スリランカの爆発 死者207人に テロで捜査

スリランカで、現地時間の21日午前9時ごろ、最大都市コロンボとその郊外などにあるホテルとキリスト教の教会で、ほぼ同時に爆発があり、スリランカ政府によりますと、これまでに207人が死亡したということです。シリセナ大統領は爆発はテロによるものだという認識を示し、徹底的な捜査を指示しました。
スリランカの警察によりますと、現地時間の21日午前9時ごろ(日本時間21日午後0時半ごろ)、最大都市コロンボとその郊外などにある3つのホテルと3つのキリスト教の教会、合わせて6か所でほぼ同時に爆発がありました。
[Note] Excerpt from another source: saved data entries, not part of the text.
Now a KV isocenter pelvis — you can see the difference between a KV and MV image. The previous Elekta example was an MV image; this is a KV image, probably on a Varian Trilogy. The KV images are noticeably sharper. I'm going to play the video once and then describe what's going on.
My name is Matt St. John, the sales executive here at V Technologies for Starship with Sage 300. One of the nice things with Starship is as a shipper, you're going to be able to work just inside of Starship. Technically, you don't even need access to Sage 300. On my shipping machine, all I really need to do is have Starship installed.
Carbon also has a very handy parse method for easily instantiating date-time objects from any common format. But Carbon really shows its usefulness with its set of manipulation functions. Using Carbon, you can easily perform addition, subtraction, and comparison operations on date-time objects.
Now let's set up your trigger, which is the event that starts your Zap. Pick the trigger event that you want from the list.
爆発があったのはコロンボにある「キングスベリー」「シナモン・グランド」「シャングリラ」の3つのホテルと「セント・アントニー教会」、それにコロンボの郊外にある「セント・セバスチャン教会」、東部のバティカロアにある「ザイオン教会」です。
また21日午後、コロンボ市内と郊外で、さらに2回の爆発があり、警察が午前中に起きた6回の爆発との関連を調べています。

スリランカ政府は日本時間の21日午後9時前から会見し、一連の爆発による死者は207人になったと発表しました。
けが人は、400人以上にのぼるということです。

また、スリランカ政府は、死者の中には9人の外国人が含まれ、けがをした人の中にも13人の外国人が含まれると発表していますが、外国人の国籍や出身地などは明らかにしていません。
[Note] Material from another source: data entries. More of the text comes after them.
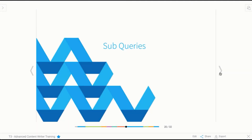The next section we're going to have a look at is what we call subqueries. Now these are by far the most complex types of reports in Yellowfin. So if you can wrap your head around these, you're doing really well. And basically other than freehand SQL reports, they're by far the most complex, but they can also achieve quite good results and really advanced reports.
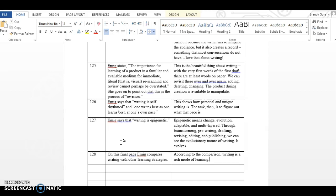Page 127, Emig says that writing is epigenetic. Epigenetic means change, evolution, adaptable and multi-layered. Through brainstorming, pre-writing, drafting, revising, editing and publishing, we can see the evolutionary nature of writing. It evolves.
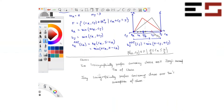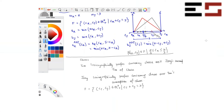Let's say we have the same set of feasible allocations — five units of cheese, perfectly divisible. So F is the set of (ct, cj) in R²₊ such that ct plus cj equals five. We want to figure out the set of all efficient allocations. If you really think about this problem, it's absolutely clear that all allocations are Pareto efficient.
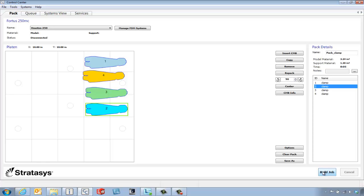I hope you enjoyed this quick look at the basic processing of parts with the Insight software. This is Tony Riggs from GoEngineer, and look for other videos on the Insight software in the future.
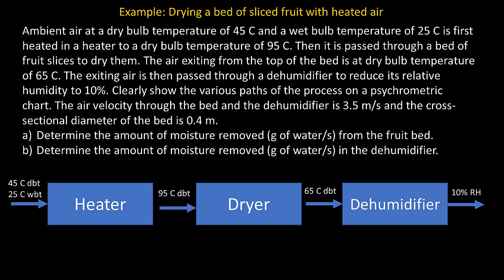In the diagram you can see the various components in this system. We have a heater, a dryer, and a dehumidifier, and we have the conditions of the air indicated as that air moves through these different components.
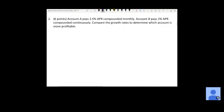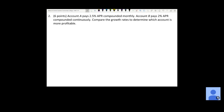Now number two. Account A pays 2.5% APR compounded monthly, and account B pays 2% APR compounded continuously. We want to compare growth rates to determine which account is more profitable. Starting with account A, which is compounded monthly, we use the same compound interest formula. We know R is 0.025 and N is 12. We don't have a P or T value, but as long as we use the same values for both accounts, it doesn't matter what we choose.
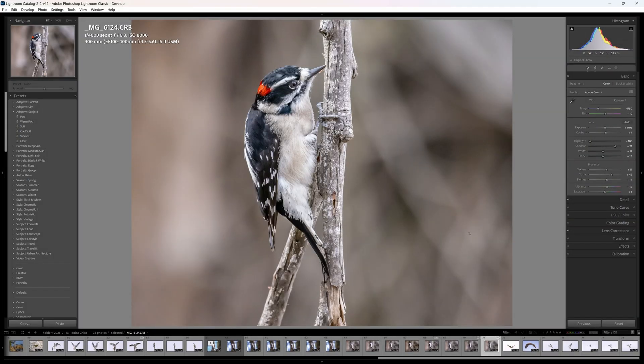Let's start with this photo of a downy woodpecker taken with a Canon R5 at ISO 8000. I have this open in Lightroom, but ACR and Photoshop will look very similar and we'll take a look at Photoshop in a moment.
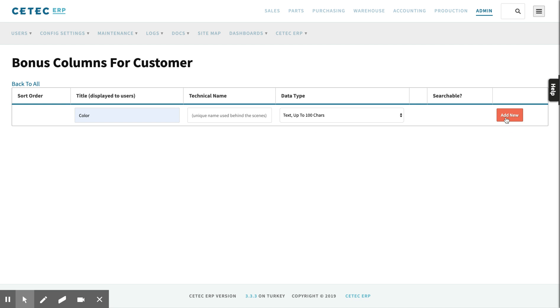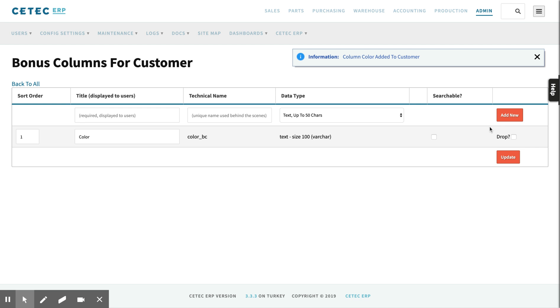Click Add New. Clicking Searchable gives you the option to filter relevant lists based on the bonus column value.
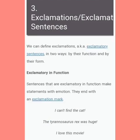Number three: exclamations or exclamatory sentences. We can define exclamatory sentences in two ways — by their function and by their form. Exclamatory in function: sentences that are exclamatory in function make statements with emotion and end with an exclamation mark. For example: 'I can't find the cat!' 'The dinosaur T-rex was huge!' 'I love this movie!'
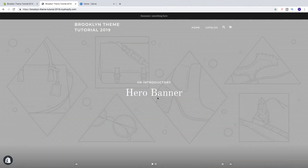Hi everyone and welcome. In this Shopify Brooklyn theme customization tutorial in 2019 we're going to learn how we can add a logo to our Shopify store.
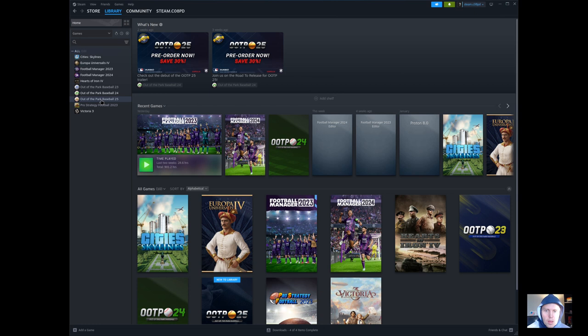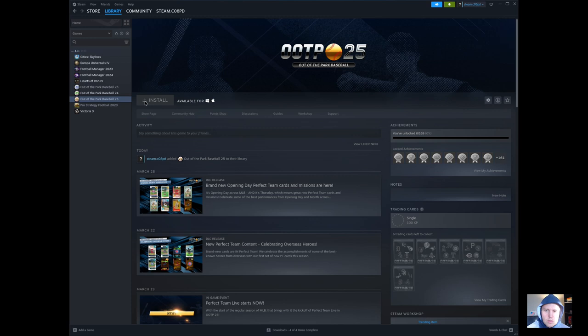It works for quite a number of games, actually, thanks in large part to the Steam Deck. So we'll go ahead and look here. This is my Steam account. Click over here on Out of the Park Baseball 25 — you can see that it's not allowed to install. It's available for Windows and Mac. I am on Arch Linux.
爆発があった教会3か所ではキリスト教徒たちが復活祭、イースターの祈りをささげている最中だったということです。

スリランカ政府の関係者によりますと、今回は事前にテロの情報が寄せられ、警戒レベルを引き上げようとしたやさきに爆発が起きたということです。

シリセナ大統領は国民に向けてテレビ演説を行い、「背後に誰がいるのか徹底的に調べる」と述べて、爆発はテロによるものだという認識を示し、事件の背後関係を徹底的に捜査するよう指示を出したことを明らかにしました。
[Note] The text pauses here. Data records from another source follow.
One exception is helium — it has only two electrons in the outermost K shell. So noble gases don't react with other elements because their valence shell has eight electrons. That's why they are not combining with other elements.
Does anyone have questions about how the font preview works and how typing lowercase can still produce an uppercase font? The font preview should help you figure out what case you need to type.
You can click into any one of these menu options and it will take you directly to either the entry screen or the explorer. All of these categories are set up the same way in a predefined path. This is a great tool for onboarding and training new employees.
スリランカ政府は全土に夜間外出禁止令を出し、新たなテロを警戒するとともに、軍も出動して事件の捜査に乗り出しています。

外務省 「スポット情報」で注意呼びかけ

今回の爆発を受けて、外務省は「スポット情報」を出して、テロの標的となりやすい場所では安全の確保に十分注意し、現場周辺には、当面近づかないよう呼びかけています。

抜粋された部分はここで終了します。